Biofuels for automotive purposes, which is the the most common use, are produced mainly in two different ways to get either ethanol or biodiesel. To produce ethanol, the process is first to grow crops, and then use yeast fermentation to make the final product. Alternatively, biodiesel can be made by first growing plants that naturally produce oils, and then reduce their viscosity. These oils can be burned directly in a diesel engine or be chemically processed to produce more refined biodiesel.

The International Energy Agency project world supply of automotive biofuels to rise to 1.8 mb/d by  2012, which is roughly double the 0.9 mb/d produced in 2006. The forecast is relatively conservative considering the multiple policy statements and biofuels production targets. In comparison, total world oil demand is forecasted at close to 96 mb/d in 2012, so biofuels will only be a small supplement to conventional fossil fuels.

Production of biofuels has for the last years been one of the contributing factors to increased demand and rising prices of feedstocks such as corn, sugar, soybeans, maize and palm oils. The pursuit for more CO2 friendly energy sources has put heavy preasure on the world agricultural resources as biofuel production is competing with food production over the world´s arable acreage. Biofuel production is highly areal-intensive compared to the amount of energy one get out of the finished products. As an example a Norwegian biofuel factory is setting up this year with a planned production of about 100,000 tons of biodiesel yearly, with soybeans from Brazil as input. Aproximately 265,000 hectars, or 0.7% of Brazil´s total agriproduct area will be needed to grow sufficient volumes for the production. The final biofuel products from this production will cover only 0.9% of the yearly Norwegian oil consumption. This means that to cover total Norwegian oil consumption with biofuel, close to 80% of the total Brazilean agriproduct area would be needed to grow soybeans.  

While biofuel is considered by many as a means of reducing emissions and increasing energy security by providing an alternative to fossil fuels, Nobel Laureate Paul Crutzen last year published findings that some biofuels contribute more to global warming than the fossil fuels they replace.

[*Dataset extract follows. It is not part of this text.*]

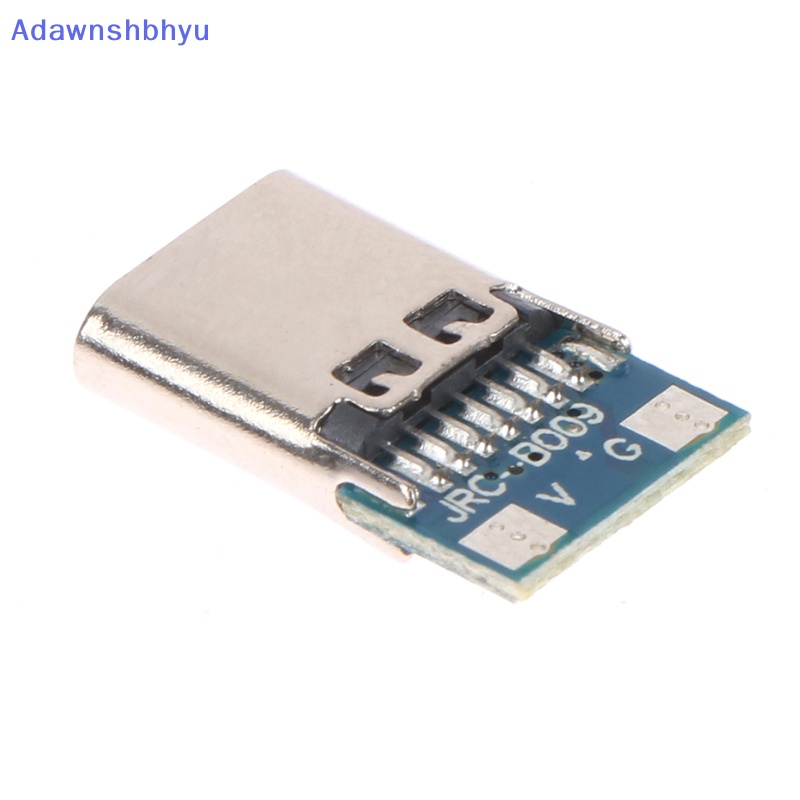 Adhyu Konektor USB 3.1 Tipe C 14pin Female Socket Wadah Antarmuka Pengisian Cepat USB Connector ID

Whereas the the environmental effects of biofuel production can be discussed, there are some clearly negative socio-ecomical effects of using what could have been food, to fuel our cars. Inreased prices on agriproducts due to high demand for biofuels will cause scarcity of food for the poorest countries. I think we will soon see some policy changes towards biofuels if the richer nations are going to save the environment at the expense of poorer nations´ hunger.

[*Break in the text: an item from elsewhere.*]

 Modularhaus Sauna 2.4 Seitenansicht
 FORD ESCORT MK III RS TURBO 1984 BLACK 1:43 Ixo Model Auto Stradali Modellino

From a shipping standpoint, increased grain demand leading to increased world trade will be beneficial for the shipping industry. Important for shipping is a likely shift in demand from different areas, which could have substantial leverage on tonne-miles if North America and the River Plate area are to cover up for troubled Australia. Increased demand for grain for production of biofuel will also add to tonnage demand. Input for biofuel production are both dry and liquid commodities, but will probably have a greater impact on dry bulk shipping. World production of grain will have to increase as populations are growing and consuming more. Additional production will to a large extent take place at areas far away from important consuming areas. In conclusion, we can say that increased demand for grain and biofuel is good for dry bulk shipping and for chemical carriers engaged in vegoil trades.